:: Provided data ::
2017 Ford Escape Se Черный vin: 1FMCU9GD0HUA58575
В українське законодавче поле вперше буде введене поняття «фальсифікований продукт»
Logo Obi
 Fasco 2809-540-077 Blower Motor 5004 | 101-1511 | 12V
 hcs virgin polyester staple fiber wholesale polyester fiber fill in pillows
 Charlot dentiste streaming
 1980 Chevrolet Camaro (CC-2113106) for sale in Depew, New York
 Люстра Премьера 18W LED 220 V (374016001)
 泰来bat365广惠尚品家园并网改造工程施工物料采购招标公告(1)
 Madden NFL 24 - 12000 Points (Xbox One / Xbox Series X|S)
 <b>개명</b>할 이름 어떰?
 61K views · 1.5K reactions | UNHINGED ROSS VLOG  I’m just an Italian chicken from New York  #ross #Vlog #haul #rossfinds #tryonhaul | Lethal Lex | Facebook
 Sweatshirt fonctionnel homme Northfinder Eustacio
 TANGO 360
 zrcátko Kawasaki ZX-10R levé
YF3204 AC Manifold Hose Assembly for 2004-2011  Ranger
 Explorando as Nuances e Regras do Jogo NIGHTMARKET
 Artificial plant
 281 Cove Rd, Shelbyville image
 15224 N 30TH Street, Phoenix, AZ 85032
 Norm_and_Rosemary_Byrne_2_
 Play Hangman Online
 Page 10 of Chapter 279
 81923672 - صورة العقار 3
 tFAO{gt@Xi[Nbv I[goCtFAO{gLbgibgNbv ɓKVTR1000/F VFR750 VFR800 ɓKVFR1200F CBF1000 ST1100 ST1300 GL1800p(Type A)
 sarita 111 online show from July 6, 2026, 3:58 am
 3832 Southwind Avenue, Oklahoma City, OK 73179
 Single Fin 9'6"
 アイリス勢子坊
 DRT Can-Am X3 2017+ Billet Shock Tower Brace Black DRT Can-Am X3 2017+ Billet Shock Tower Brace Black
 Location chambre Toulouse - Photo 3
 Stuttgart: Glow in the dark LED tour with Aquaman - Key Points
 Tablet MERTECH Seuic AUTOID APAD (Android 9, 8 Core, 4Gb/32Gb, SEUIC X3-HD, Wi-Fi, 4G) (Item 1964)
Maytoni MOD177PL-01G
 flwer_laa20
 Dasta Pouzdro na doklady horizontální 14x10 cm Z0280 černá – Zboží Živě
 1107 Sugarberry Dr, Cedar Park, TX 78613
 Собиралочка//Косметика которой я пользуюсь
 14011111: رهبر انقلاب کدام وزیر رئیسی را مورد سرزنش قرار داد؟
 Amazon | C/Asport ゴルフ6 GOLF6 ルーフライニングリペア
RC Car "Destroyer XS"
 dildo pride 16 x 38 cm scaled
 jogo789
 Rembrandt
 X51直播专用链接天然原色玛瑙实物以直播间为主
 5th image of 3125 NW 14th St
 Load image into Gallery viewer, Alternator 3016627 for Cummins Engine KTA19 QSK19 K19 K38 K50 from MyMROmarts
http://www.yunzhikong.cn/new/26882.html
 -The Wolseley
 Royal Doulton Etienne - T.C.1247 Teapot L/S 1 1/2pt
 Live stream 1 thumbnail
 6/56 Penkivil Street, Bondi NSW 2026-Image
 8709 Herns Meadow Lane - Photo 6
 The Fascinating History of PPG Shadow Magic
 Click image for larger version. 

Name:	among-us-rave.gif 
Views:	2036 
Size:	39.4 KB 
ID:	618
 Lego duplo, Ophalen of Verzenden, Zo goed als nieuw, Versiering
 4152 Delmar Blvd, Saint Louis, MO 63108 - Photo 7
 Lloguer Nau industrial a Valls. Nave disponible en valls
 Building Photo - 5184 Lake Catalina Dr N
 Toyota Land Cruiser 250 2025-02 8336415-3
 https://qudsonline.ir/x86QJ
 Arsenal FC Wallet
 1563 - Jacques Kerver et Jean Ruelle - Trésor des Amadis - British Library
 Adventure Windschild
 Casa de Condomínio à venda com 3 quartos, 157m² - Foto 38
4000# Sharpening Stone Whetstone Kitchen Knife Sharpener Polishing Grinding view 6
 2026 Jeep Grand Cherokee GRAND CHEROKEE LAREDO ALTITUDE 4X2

:: What to work on ::
Take exactly the lines from the one containing "Click image for larger version." through the one containing "4152 Delmar Blvd, Saint" in the data above, and output them with nothing added.

:: Solution for this exercise ::
 Click image for larger version. 

Name:	among-us-rave.gif 
Views:	2036 
Size:	39.4 KB 
ID:	618
 Lego duplo, Ophalen of Verzenden, Zo goed als nieuw, Versiering
 4152 Delmar Blvd, Saint Louis, MO 63108 - Photo 7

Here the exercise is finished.